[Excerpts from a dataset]
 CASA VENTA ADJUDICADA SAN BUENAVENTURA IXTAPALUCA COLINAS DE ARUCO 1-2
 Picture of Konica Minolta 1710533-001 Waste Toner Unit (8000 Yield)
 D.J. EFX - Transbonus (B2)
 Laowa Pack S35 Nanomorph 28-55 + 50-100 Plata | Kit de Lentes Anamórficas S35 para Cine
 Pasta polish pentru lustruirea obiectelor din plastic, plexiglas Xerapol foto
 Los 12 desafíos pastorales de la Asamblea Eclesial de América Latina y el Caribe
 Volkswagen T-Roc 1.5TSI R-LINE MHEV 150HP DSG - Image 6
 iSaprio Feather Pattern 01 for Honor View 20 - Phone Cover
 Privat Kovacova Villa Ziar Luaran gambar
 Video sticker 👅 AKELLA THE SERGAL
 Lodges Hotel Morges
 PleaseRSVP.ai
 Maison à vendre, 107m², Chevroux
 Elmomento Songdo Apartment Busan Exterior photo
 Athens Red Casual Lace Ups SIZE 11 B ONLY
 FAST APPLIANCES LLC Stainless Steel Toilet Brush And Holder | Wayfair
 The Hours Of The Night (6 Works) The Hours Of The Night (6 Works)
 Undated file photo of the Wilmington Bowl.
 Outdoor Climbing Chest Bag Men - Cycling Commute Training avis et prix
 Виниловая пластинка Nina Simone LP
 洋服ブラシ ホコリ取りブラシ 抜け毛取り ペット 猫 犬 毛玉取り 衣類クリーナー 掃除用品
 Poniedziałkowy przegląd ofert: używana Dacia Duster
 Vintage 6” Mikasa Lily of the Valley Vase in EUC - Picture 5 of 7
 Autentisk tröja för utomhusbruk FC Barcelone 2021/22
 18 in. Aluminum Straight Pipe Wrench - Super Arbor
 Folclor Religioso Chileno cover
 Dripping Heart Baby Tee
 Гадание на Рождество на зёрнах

What you need to do
Your answer should be an exact transcription of the data above.

Answer section
 CASA VENTA ADJUDICADA SAN BUENAVENTURA IXTAPALUCA COLINAS DE ARUCO 1-2
 Picture of Konica Minolta 1710533-001 Waste Toner Unit (8000 Yield)
 D.J. EFX - Transbonus (B2)
 Laowa Pack S35 Nanomorph 28-55 + 50-100 Plata | Kit de Lentes Anamórficas S35 para Cine
 Pasta polish pentru lustruirea obiectelor din plastic, plexiglas Xerapol foto
 Los 12 desafíos pastorales de la Asamblea Eclesial de América Latina y el Caribe
 Volkswagen T-Roc 1.5TSI R-LINE MHEV 150HP DSG - Image 6
 iSaprio Feather Pattern 01 for Honor View 20 - Phone Cover
 Privat Kovacova Villa Ziar Luaran gambar
 Video sticker 👅 AKELLA THE SERGAL
 Lodges Hotel Morges
 PleaseRSVP.ai
 Maison à vendre, 107m², Chevroux
 Elmomento Songdo Apartment Busan Exterior photo
 Athens Red Casual Lace Ups SIZE 11 B ONLY
 FAST APPLIANCES LLC Stainless Steel Toilet Brush And Holder | Wayfair
 The Hours Of The Night (6 Works) The Hours Of The Night (6 Works)
 Undated file photo of the Wilmington Bowl.
 Outdoor Climbing Chest Bag Men - Cycling Commute Training avis et prix
 Виниловая пластинка Nina Simone LP
 洋服ブラシ ホコリ取りブラシ 抜け毛取り ペット 猫 犬 毛玉取り 衣類クリーナー 掃除用品
 Poniedziałkowy przegląd ofert: używana Dacia Duster
 Vintage 6” Mikasa Lily of the Valley Vase in EUC - Picture 5 of 7
 Autentisk tröja för utomhusbruk FC Barcelone 2021/22
 18 in. Aluminum Straight Pipe Wrench - Super Arbor
 Folclor Religioso Chileno cover
 Dripping Heart Baby Tee
 Гадание на Рождество на зёрнах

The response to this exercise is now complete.